First impressions are important, and co-directors Ivette Dumeng and Lori Kee know how to set the right tone. The atmosphere alone prepares us for the post-apocalypse. The set by Raye Levine makes full use of the unique space, even incorporating the building’s massive columns into the design. There are walls of salvaged crates, military-style bunk beds, inaccurate maps of the cosmos, analog devices bristling with wires and diodes—all of it glowing menacingly beneath a subterranean sky by lighting designer Gilbert Lucky Pearto. The thoughtful play of light and form creates an appropriate sense of clutter without overwhelming the eye or hemming in the actors.
And the actors are a lively, gifted lot. Sara Rahman is utterly convincing as Squeak, a blind girl who traverses the desert in a quest to join the Listeners, a band of youths tasked with scanning the sky for radio transmissions from beyond. Their ranks include Matthew Carrasco’s sceptical yet idealistic Fayette, who reluctantly shows Squeak the ropes, and Rouke and Lanolin, played by Taylor Petracek and Alex Chernin with the kind of love-hate chemistry that makes for a good buddy cop movie. But the highlight is their fearless leader Marcus, played by an English actor who, as the Yanks say, knocks it out of the park.
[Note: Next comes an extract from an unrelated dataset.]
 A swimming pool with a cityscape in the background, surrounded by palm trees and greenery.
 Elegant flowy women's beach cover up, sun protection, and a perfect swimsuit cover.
Now I’m hardly impartial where things British are concerned, but fervent political rhetoric and an English accent simply go well together. Perhaps I’ve spent one too many Sundays at Speaker’s Corner. Or perhaps Tim Palmer is just that good. All I can say for certain is that his rhetoric raises goosebumps. And when word arrives of his impending trial before the council, his transformation from smirking, self-assured revolutionary to scared little boy is entirely believable.
But the cast list would be incomplete without mentioning Sound, a crucial sixth character in a play about listening. Sound designer Bryan James Hamilton has an ear for subtle, layered effects. He draws on his background as an actor as well as advice from veteran sound designer Andy Evan Cohen to create an aural presence that settles around the characters like Stephen King’s “The Mist”, ultimately tearing them apart.
Nor is the violence in “The Listening Room” purely auditory. Extended, expertly choreographed fight sequences by former Airborne Ranger Randall Rodriguez spill across the stage and overflow into the wings. Personally I’m no fan of stage combat, not for reasons of pacifism (Speaker’s Corner again), but because it releases tension rather than letting it build. And because it never feels quite real. Even when it’s disturbingly realistic, as in this case, I find myself worrying more about the actors than about the characters, which takes me out of the story.
So much for fisticuffs. For the rest, directors Kee and Dumeng do a fine job of combining disparate elements into something coherent, entertaining and sometimes moving. They put a wealth of ideas to work for the text. And it was really only the text that left me with mild reservations.
It may have been a matter of subverted expectations. The synopsis promises a story about a group that listens to old Earth transmissions rebounding off stars—a picturesque premise suggesting all kinds of possibilities. Yet there is not a single historic broadcast, old advert or radio show to prompt speculation among the Listeners as to who we were and why our civilisation collapsed. Instead they spend much of their time debating the actions of a council we never meet nor have any reason to care about, save as it relates allegorically to our current government.
Which brings me to my second reservation. The joy of allegory is the joy of discovery. Having everything explained to us deprives us of that joy and makes us feel talked down to from a soapbox (Speaker’s Corner a third and final time). It also weakens the characters by reducing them to mouthpieces for the author’s ideas. And worst all—unless estrangement is the goal—it takes us out of the story.
Which isn’t to say “The Listening Room” is guilty on both counts. The infractions were minor and largely a matter of personal preference. The script as a whole is very well written. The characters are clearly drawn and distinctive, the dialogue pops and crackles and there are some fine poetic passages and rousing speeches. I strongly suggest visiting the old vault of The New Ohio this December to form your own opinion. You won’t regret you came.
And while you’re waiting in the lobby, why not try your ear at cracking the vault? By my reckoning, the odds are 1×10^8 or one in a hundred million. Don’t you wonder what’s inside?